• **Exercise instructions**: Leave the pictures behind and reproduce every line of the listing exactly.

• **Material shown**:
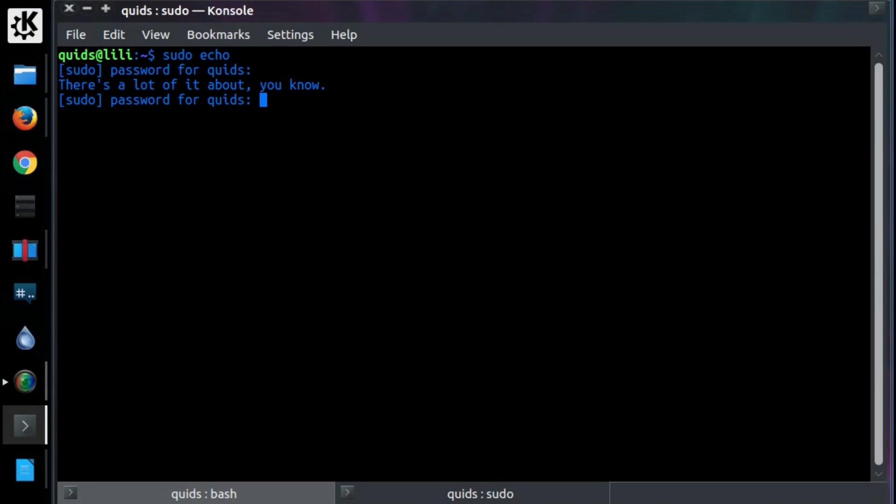So that was a look at the sudo insult me feature. Thanks for watching. See you all later.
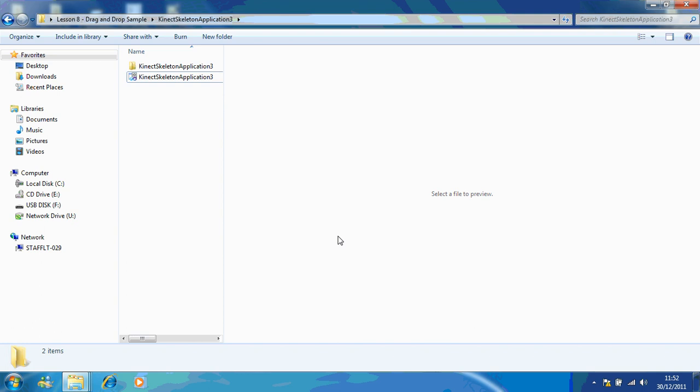Hi, my name is Ray Chambers and I'm an ICT teacher from Lodge Park Technology College in Corby, Northamptonshire, England. Now, in this video, I'm going to show you how to use drag and drop with your images.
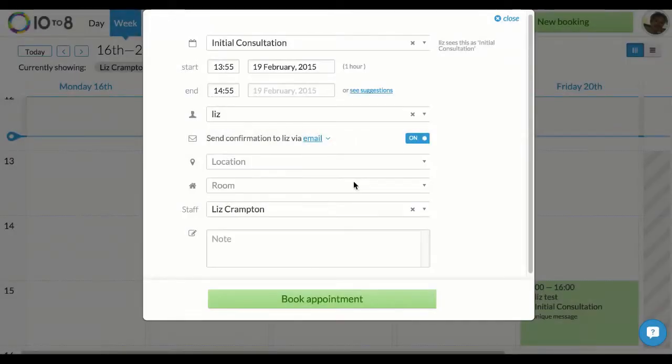By default, every time you book an appointment, the customer will be notified unless you switch it off in your general service settings, which we'll go over later, or for that individual appointment here by toggling the on switch to off.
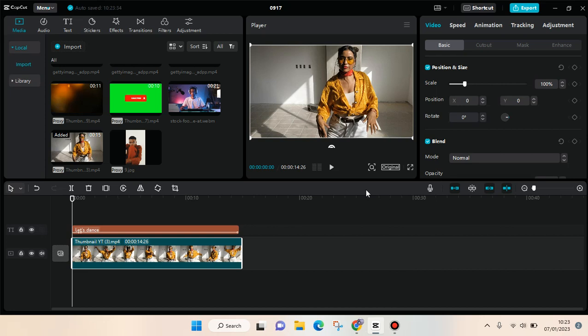Hey guys, back with me again in this channel. In today's video, I'm going to show you a tutorial on how you can export or download your edited video on CapCut PC. I noticed that a lot of you have difficulties in downloading or exporting your edited video in CapCut PC, but actually it's pretty easy.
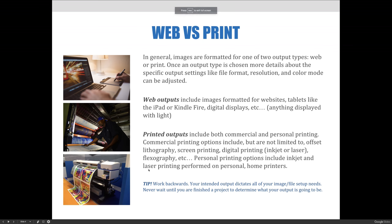In general, images are formatted for one of two output types: web or print. Once you have chosen your output, more details about the specific output settings like file format, resolution, and color mode can be adjusted.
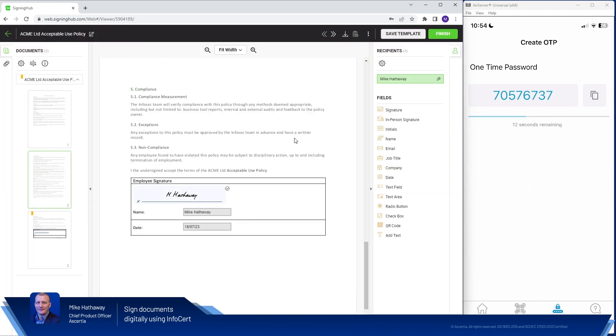There we go. Couldn't be simpler than that. So I hope you found this video useful. If you'd like to hear more about Asertia or InfoServe products please visit asertia.com or infocert.digital.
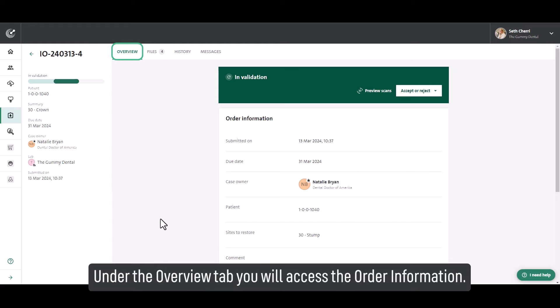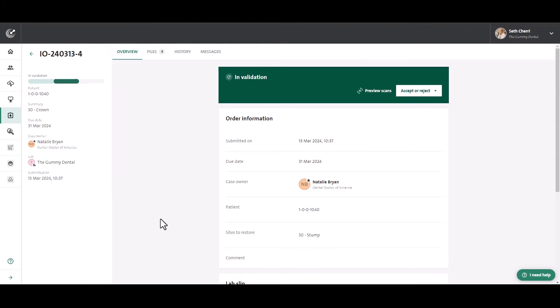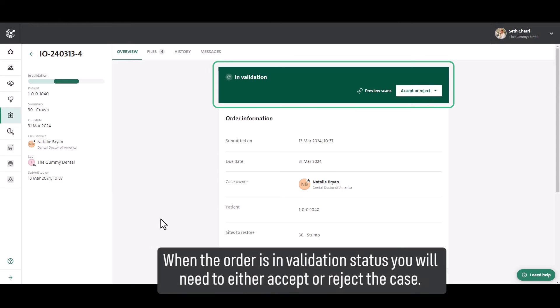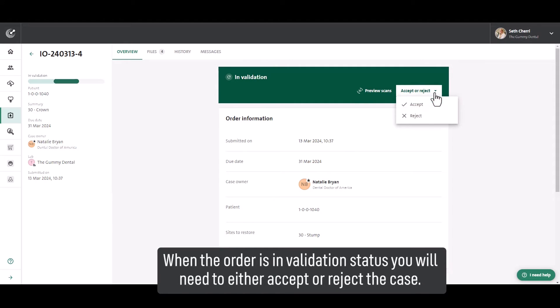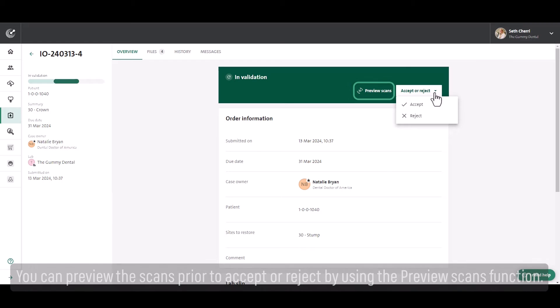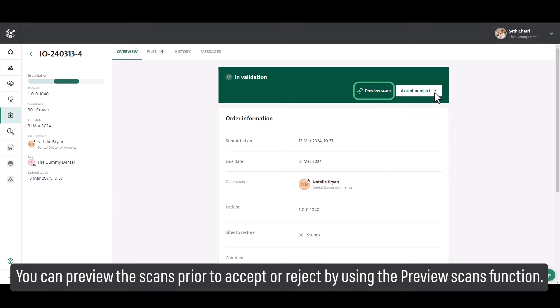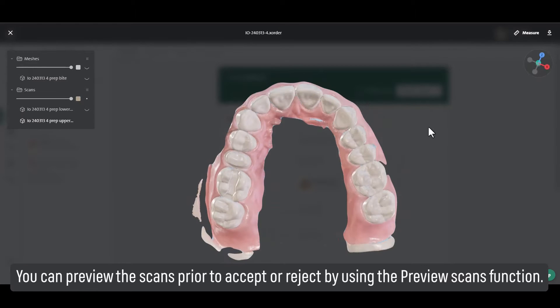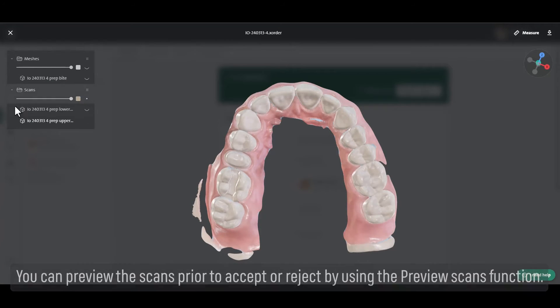Under the overview tab, you will access the order information. When the order is in validation status, you will need to either accept or reject the case. You can preview the scans prior to accepting or rejecting by using the preview scans function.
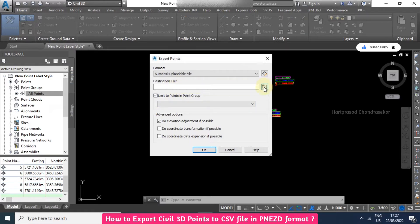You can browse to the location or just put in the file name — for example, 'new point file'.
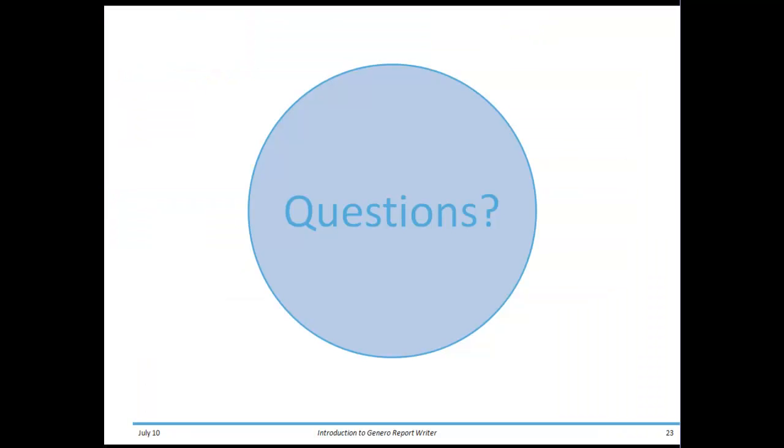This completes the first chapter of our training course, the introduction to Genero Report Writer. While I'm not actually able to take direct questions from you now, this concludes this part of the video. In the next section, we're going to be talking about installing and licensing Genero Report Writer.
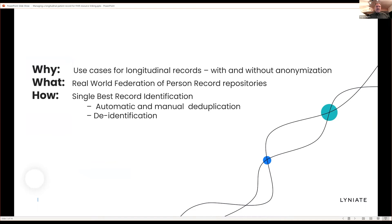For the discussion today, I really want to talk about what are the use cases around using longitudinal records. Why do we do it? And why do we need them with and without anonymization? And how do you generate that anonymization in a way that makes it useful in those longitudinal perspectives? We'll talk about how we do this in the real world — how we federate the person records, propagate the identity through a single best record, and deal with automatic and manual deduplication steps.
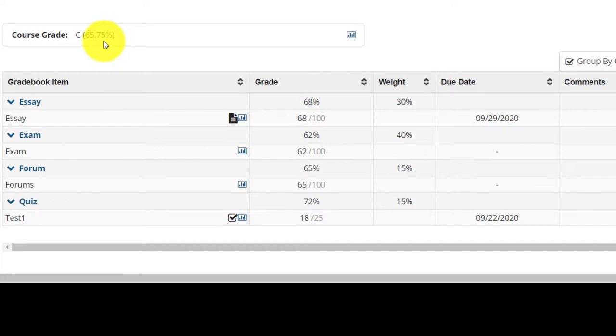It is important to know and understand how weighting works. Should you require more explanation, you're welcome to email your lecturer or log a ticket via our help desk.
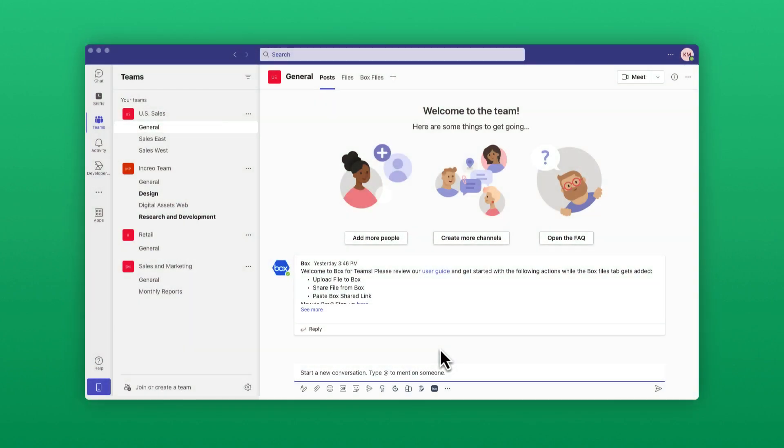With the Box for Teams integration, you can use the content you have in Box through the familiar interface of Box for Teams.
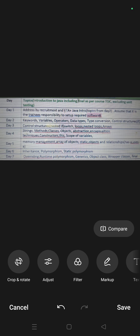If, nested if, switch, looping statements, nested loops, array, string methods, classes, objects, abstraction, and encapsulation - these all go by day by day.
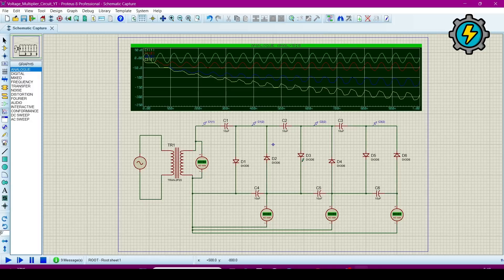If you want to increase the voltage multiplication, connect more diode-capacitor stages in this configuration as I connected. If you understand it, that's great. If you don't understand anything about making this circuit, let me know in the comment section — I will answer your questions. Thank you.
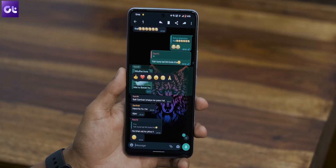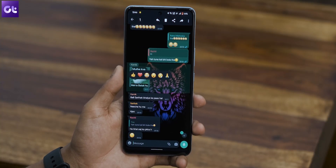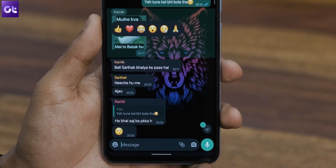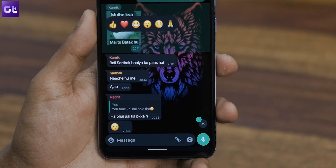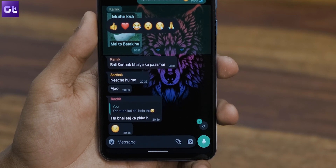First things first, let's look at the kind of reactions available on WhatsApp. Currently, WhatsApp offers six emojis: thumbs up, heart, a face with tears of joy, a face with an open mouth, a crying face, and a person with folded hands. Unfortunately, these are the only six reactions you can choose from — unlike Instagram, which gives you the whole array of emojis. New emojis might be added later, but for now, these six are all that exist.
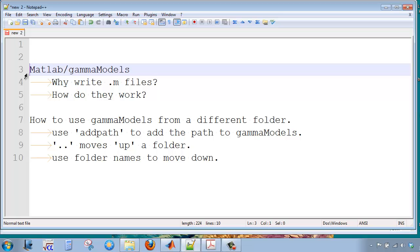This screencast is about using the MATLAB Gamma Models folder. This folder contains M files with activity coefficient model calculations.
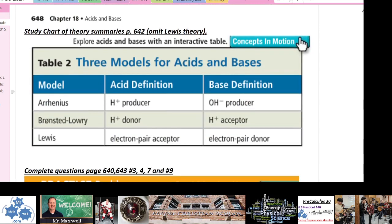Page 642 has a table summarizing the two theories. There is a third — the Lewis theory involving electron pairs — but we won't focus on that now. The key comparison: Arrhenius says acids are H+ producers and bases are OH minus producers. Brønsted-Lowry says acids are proton donors and bases are proton acceptors. Make sure you know the difference between those two.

• **Solution**:
So that was a look at the sudo insult me feature. Thanks for watching. See you all later.
Hi, my name is Ray Chambers and I'm an ICT teacher from Lodge Park Technology College in Corby, Northamptonshire, England. Now, in this video, I'm going to show you how to use drag and drop with your images.
By default, every time you book an appointment, the customer will be notified unless you switch it off in your general service settings, which we'll go over later, or for that individual appointment here by toggling the on switch to off.
Hey guys, back with me again in this channel. In today's video, I'm going to show you a tutorial on how you can export or download your edited video on CapCut PC. I noticed that a lot of you have difficulties in downloading or exporting your edited video in CapCut PC, but actually it's pretty easy.
In general, images are formatted for one of two output types: web or print. Once you have chosen your output, more details about the specific output settings like file format, resolution, and color mode can be adjusted.
There we go. Couldn't be simpler than that. So I hope you found this video useful. If you'd like to hear more about Asertia or InfoServe products please visit asertia.com or infocert.digital.
Under the overview tab, you will access the order information. When the order is in validation status, you will need to either accept or reject the case. You can preview the scans prior to accepting or rejecting by using the preview scans function.
You can browse to the location or just put in the file name — for example, 'new point file'.
This completes the first chapter of our training course, the introduction to Genero Report Writer. While I'm not actually able to take direct questions from you now, this concludes this part of the video. In the next section, we're going to be talking about installing and licensing Genero Report Writer.
For the discussion today, I really want to talk about what are the use cases around using longitudinal records. Why do we do it? And why do we need them with and without anonymization? And how do you generate that anonymization in a way that makes it useful in those longitudinal perspectives? We'll talk about how we do this in the real world — how we federate the person records, propagate the identity through a single best record, and deal with automatic and manual deduplication steps.
It is important to know and understand how weighting works. Should you require more explanation, you're welcome to email your lecturer or log a ticket via our help desk.
With the Box for Teams integration, you can use the content you have in Box through the familiar interface of Box for Teams.
If, nested if, switch, looping statements, nested loops, array, string methods, classes, objects, abstraction, and encapsulation - these all go by day by day.
If you want to increase the voltage multiplication, connect more diode-capacitor stages in this configuration as I connected. If you understand it, that's great. If you don't understand anything about making this circuit, let me know in the comment section — I will answer your questions. Thank you.
First things first, let's look at the kind of reactions available on WhatsApp. Currently, WhatsApp offers six emojis: thumbs up, heart, a face with tears of joy, a face with an open mouth, a crying face, and a person with folded hands. Unfortunately, these are the only six reactions you can choose from — unlike Instagram, which gives you the whole array of emojis. New emojis might be added later, but for now, these six are all that exist.
This screencast is about using the MATLAB Gamma Models folder. This folder contains M files with activity coefficient model calculations.
Page 642 has a table summarizing the two theories. There is a third — the Lewis theory involving electron pairs — but we won't focus on that now. The key comparison: Arrhenius says acids are H+ producers and bases are OH minus producers. Brønsted-Lowry says acids are proton donors and bases are proton acceptors. Make sure you know the difference between those two.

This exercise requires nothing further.